▸ Recorded data:
******

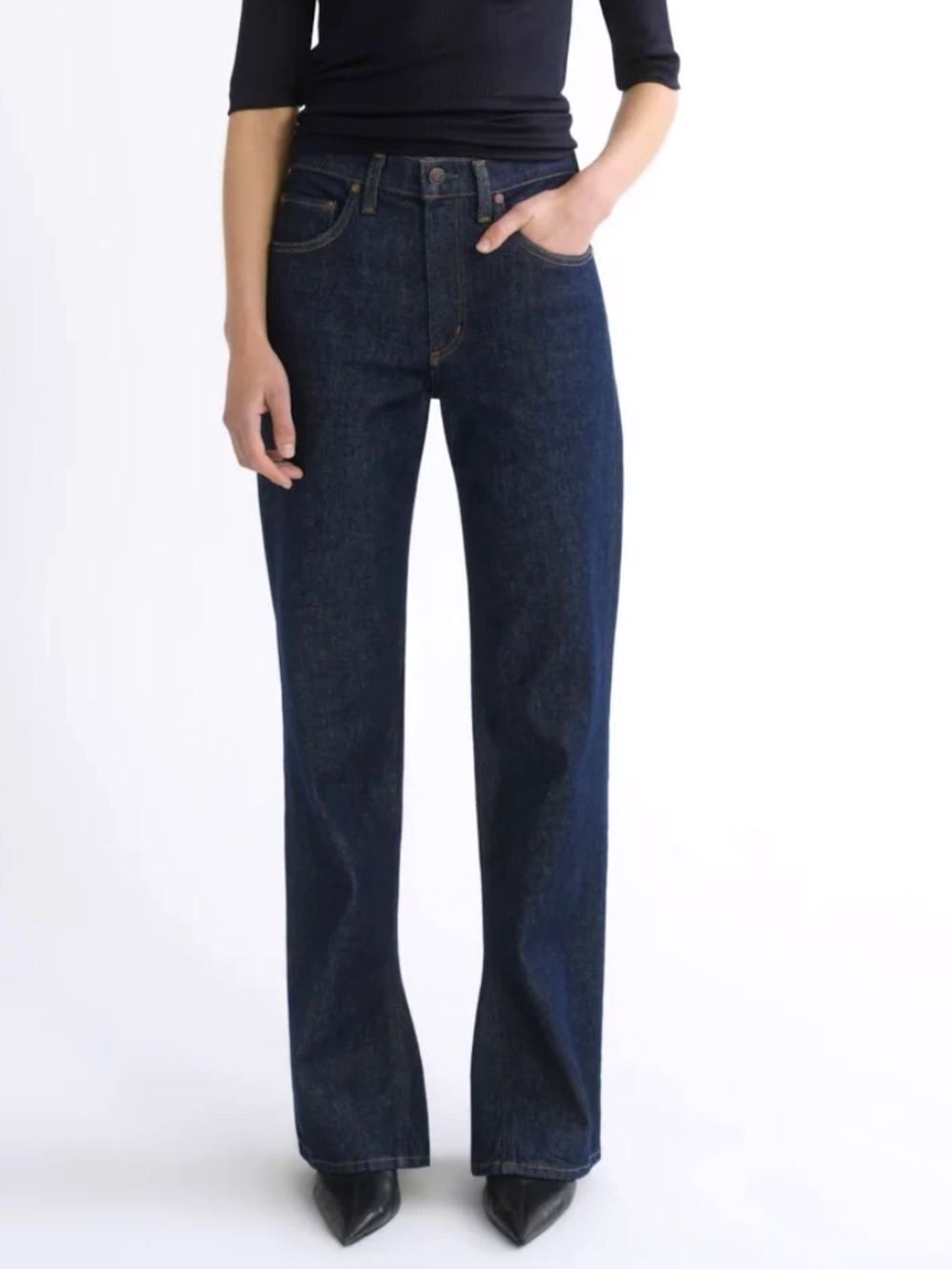 AGOLDE Slimming Mid-Rise Kick Bootcut Stretch Jeans Sz 27 NWT $258!!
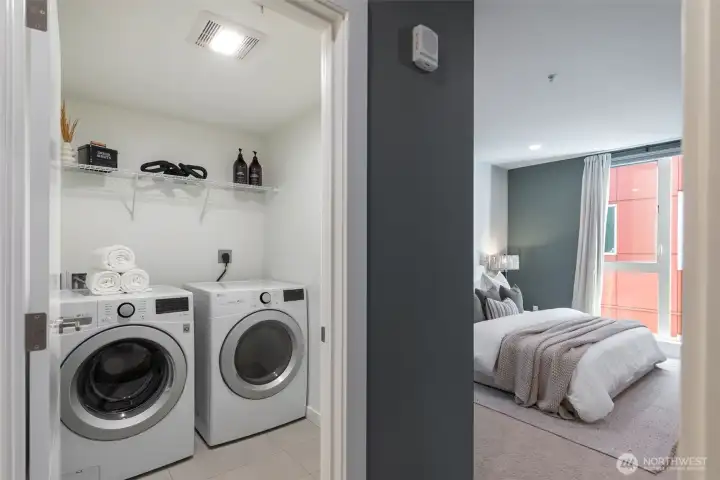 Full size laundry room off the second floor primary suite. Washer and dryer included!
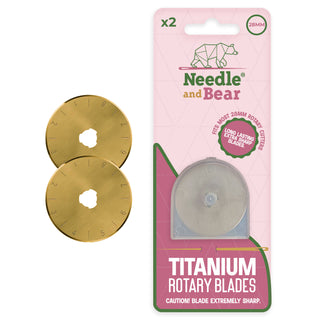 Needle and Bear Titanium Rotary Blades (2 x 28mm)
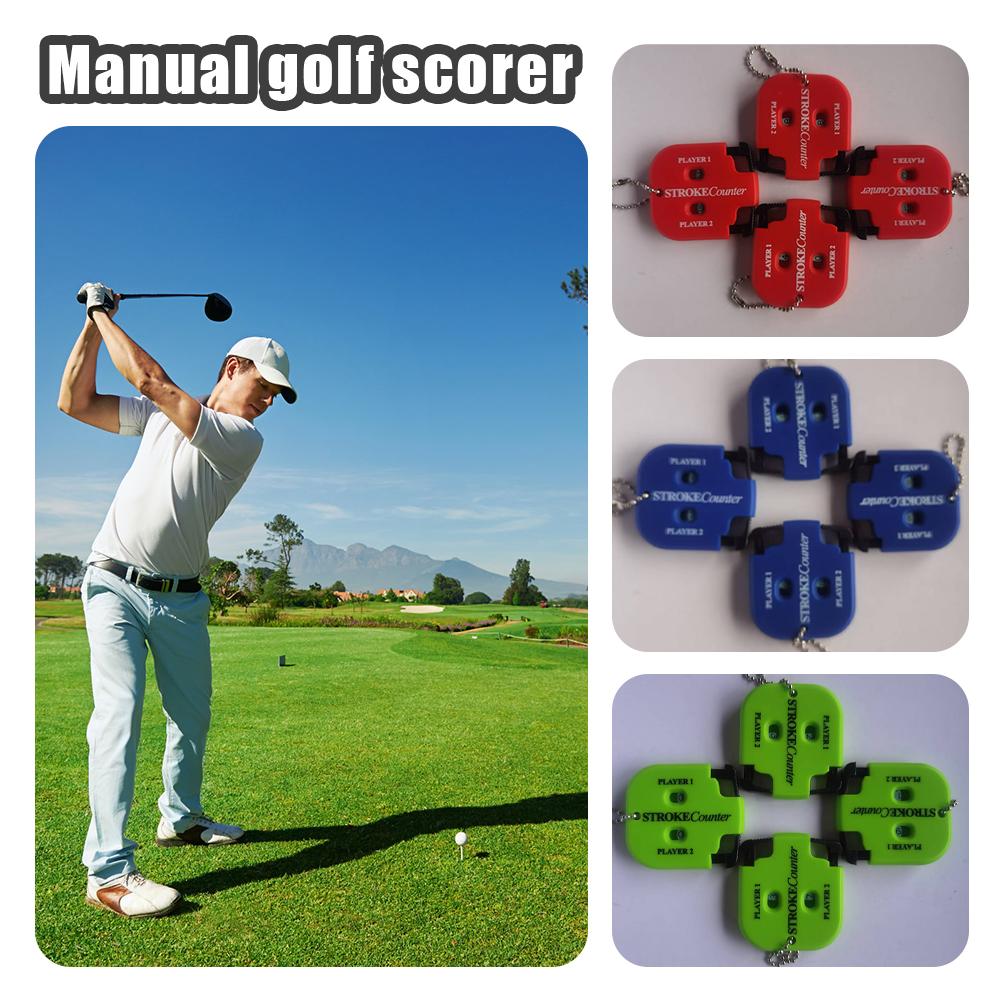 Mini Handy Golf Shot Count Stroke Putt Score Counter Two Digits Scoring Keeper With Key Chain Golf Accessorie Golf Training Aids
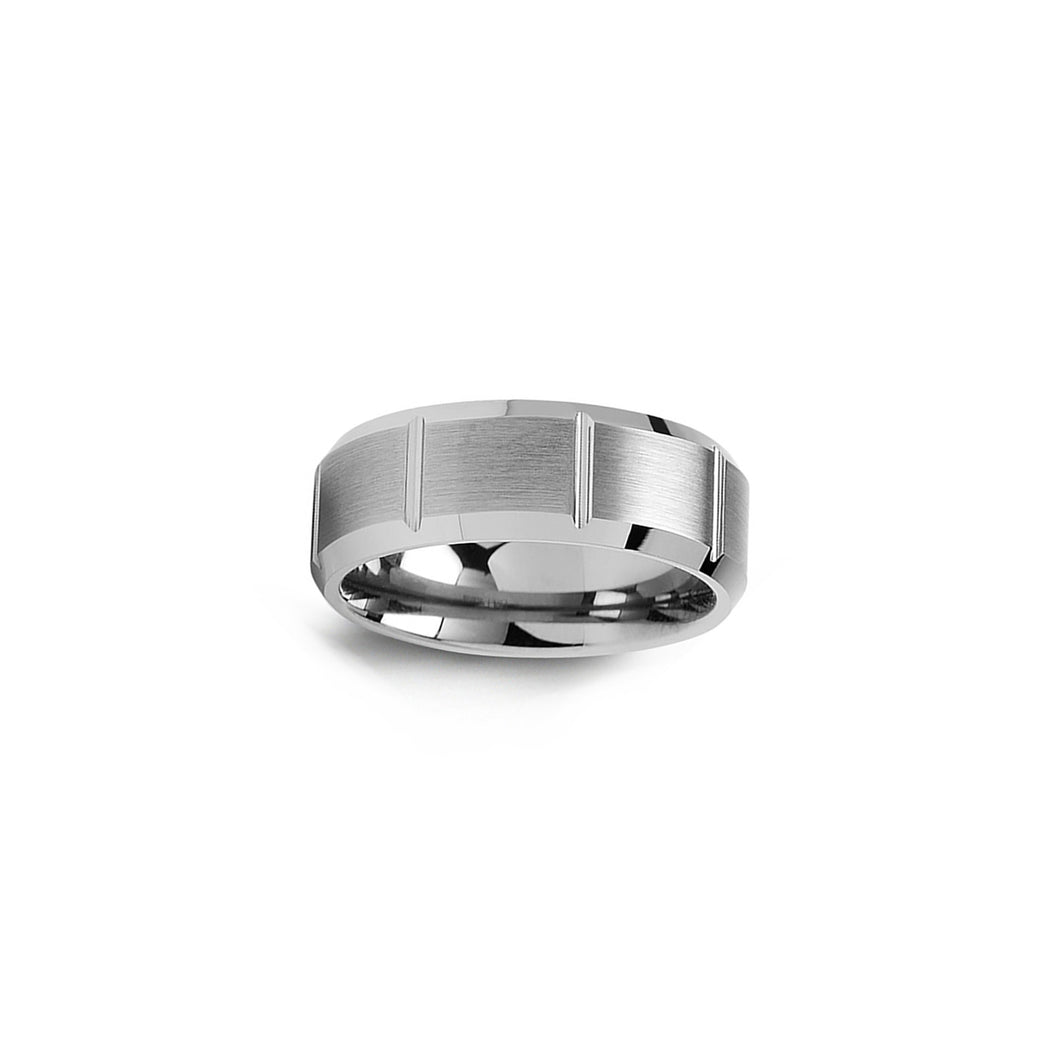 130682 Satin Finish Tungsten Wedding Band Size 12.5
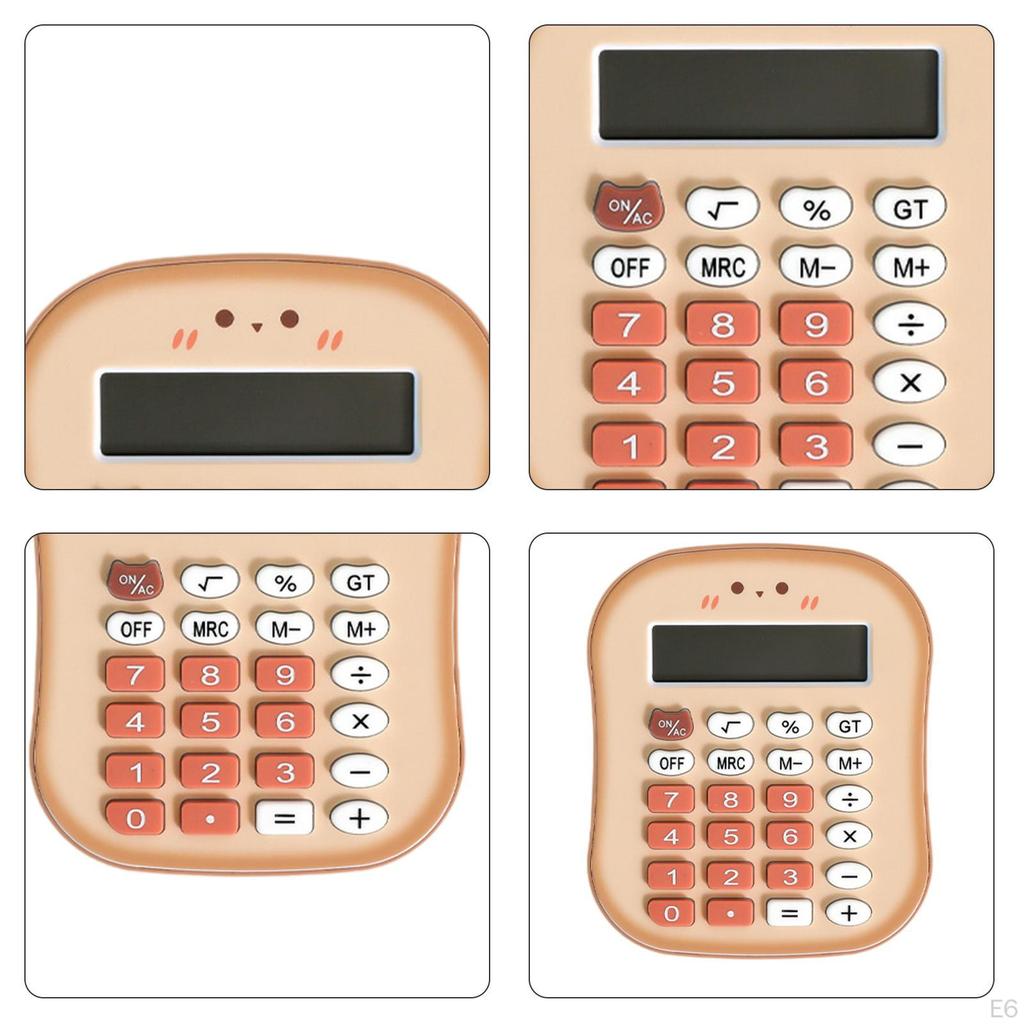 Bread Mini Calculator Portable Sturdy Lightweight,Basic,Cute,12 Digit for Office, Home, School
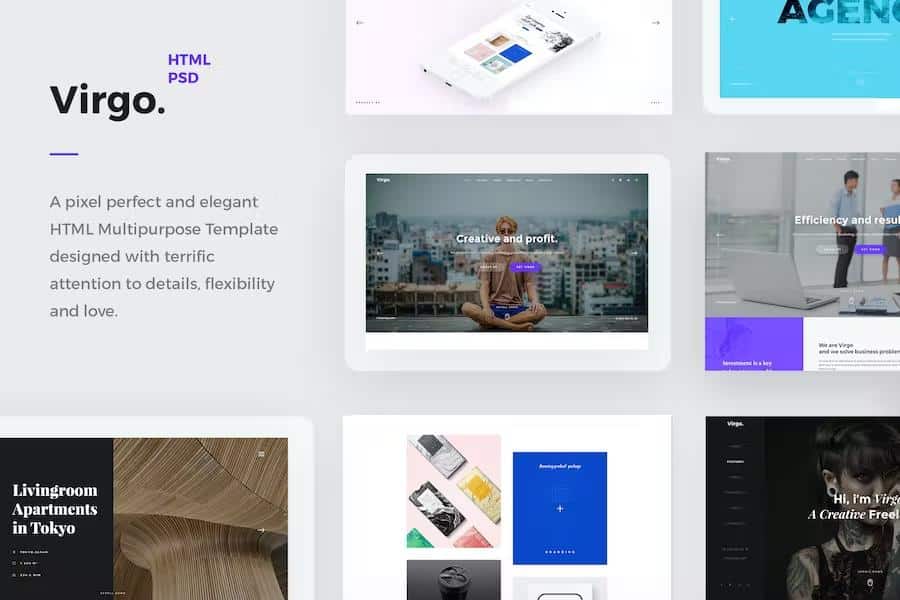 Virgo. - Multipurpose HTML Template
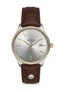 Men's Brown Leather Cord Calendar Wristwatch with 2-Year Warranty - 2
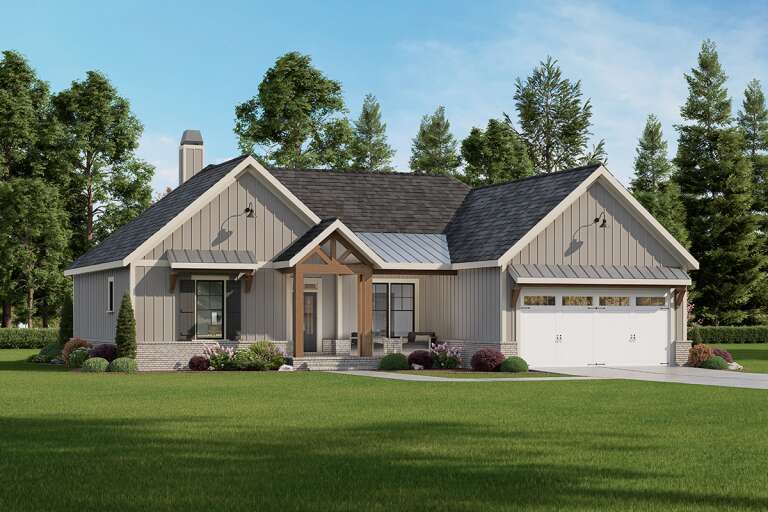 House Plan House Plan #28042 Angled Front Elevation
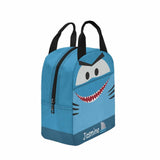 Custom Name Cartoon Shark Insulated Lunch Bag with Pockets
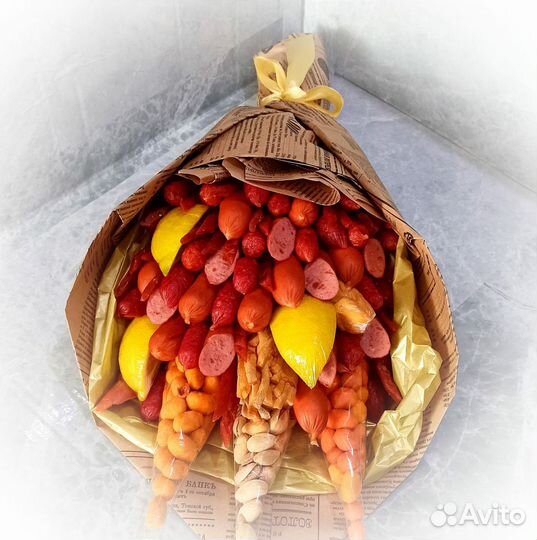 Букет мужской с колбасой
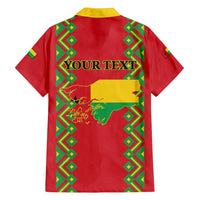 Guinea-Bissau Family Matching Tank Maxi Dress and Hawaiian Shirt Unidade Luta Progresso - Wonder Print Shop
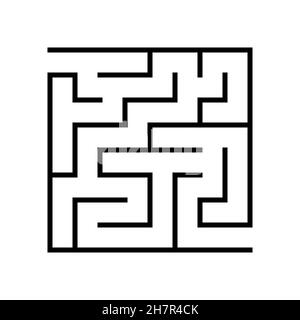 Labyrinthe de jeux logiques éducatifs pour les enfants.Trouver la bonne voie.Conception de labyrinthe ou de puzzle.Illustration vectorielle. Illustration de Vecteur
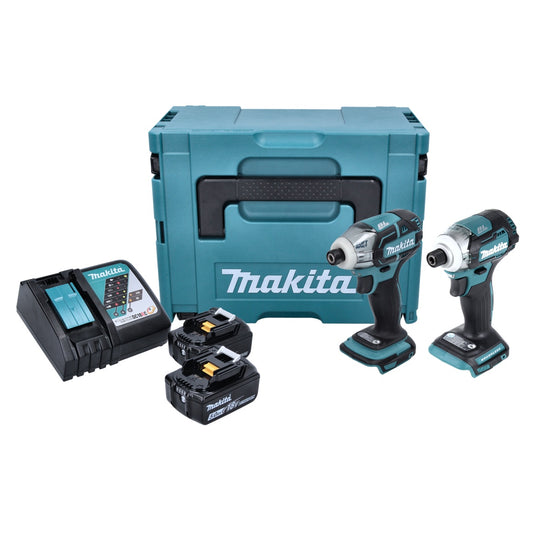 Makita DLX 2211 TJ Akku Combo Kit DTS 141 Akku Impulsschrauber + DTD 170 Akku Schlagschrauber + 2x Akku 5,0 Ah + Ladegerät + Makpac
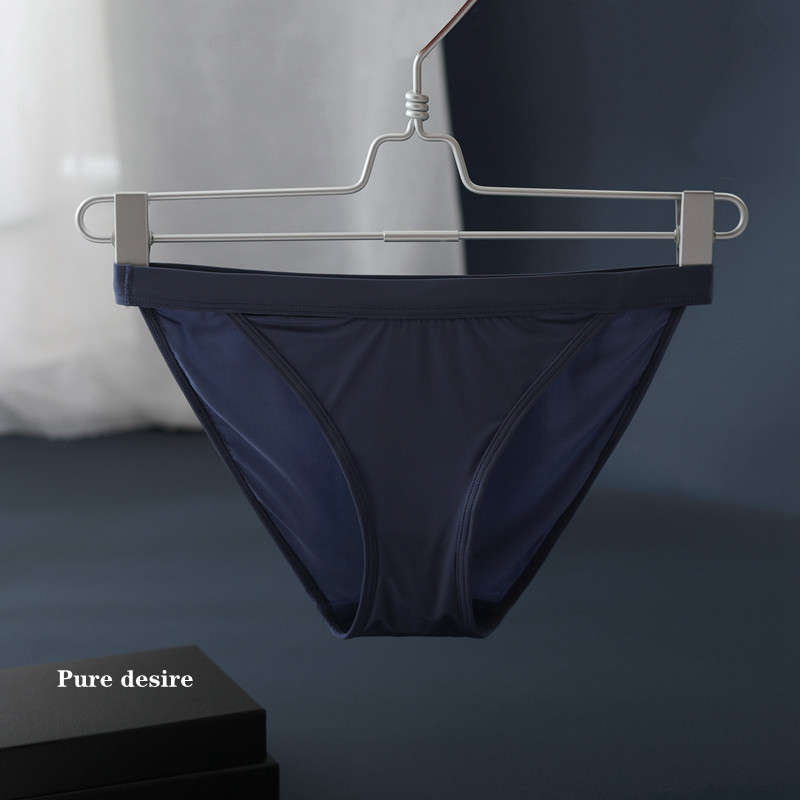 少女风丝滑冰丝内裤女款低腰性感纯欲胖mm大码三角短裤夏季薄款,淘宝优惠券,粉丝福利购,淘宝优惠卷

******

▸ Aim of the task:
Only the lines from the start of the records to the one containing "130682 Satin Finish" should be repeated, exactly and with both ends kept; drop any pictures.

▸ Finished exercise:
 AGOLDE Slimming Mid-Rise Kick Bootcut Stretch Jeans Sz 27 NWT $258!!
 Full size laundry room off the second floor primary suite. Washer and dryer included!
 Needle and Bear Titanium Rotary Blades (2 x 28mm)
 Mini Handy Golf Shot Count Stroke Putt Score Counter Two Digits Scoring Keeper With Key Chain Golf Accessorie Golf Training Aids
 130682 Satin Finish Tungsten Wedding Band Size 12.5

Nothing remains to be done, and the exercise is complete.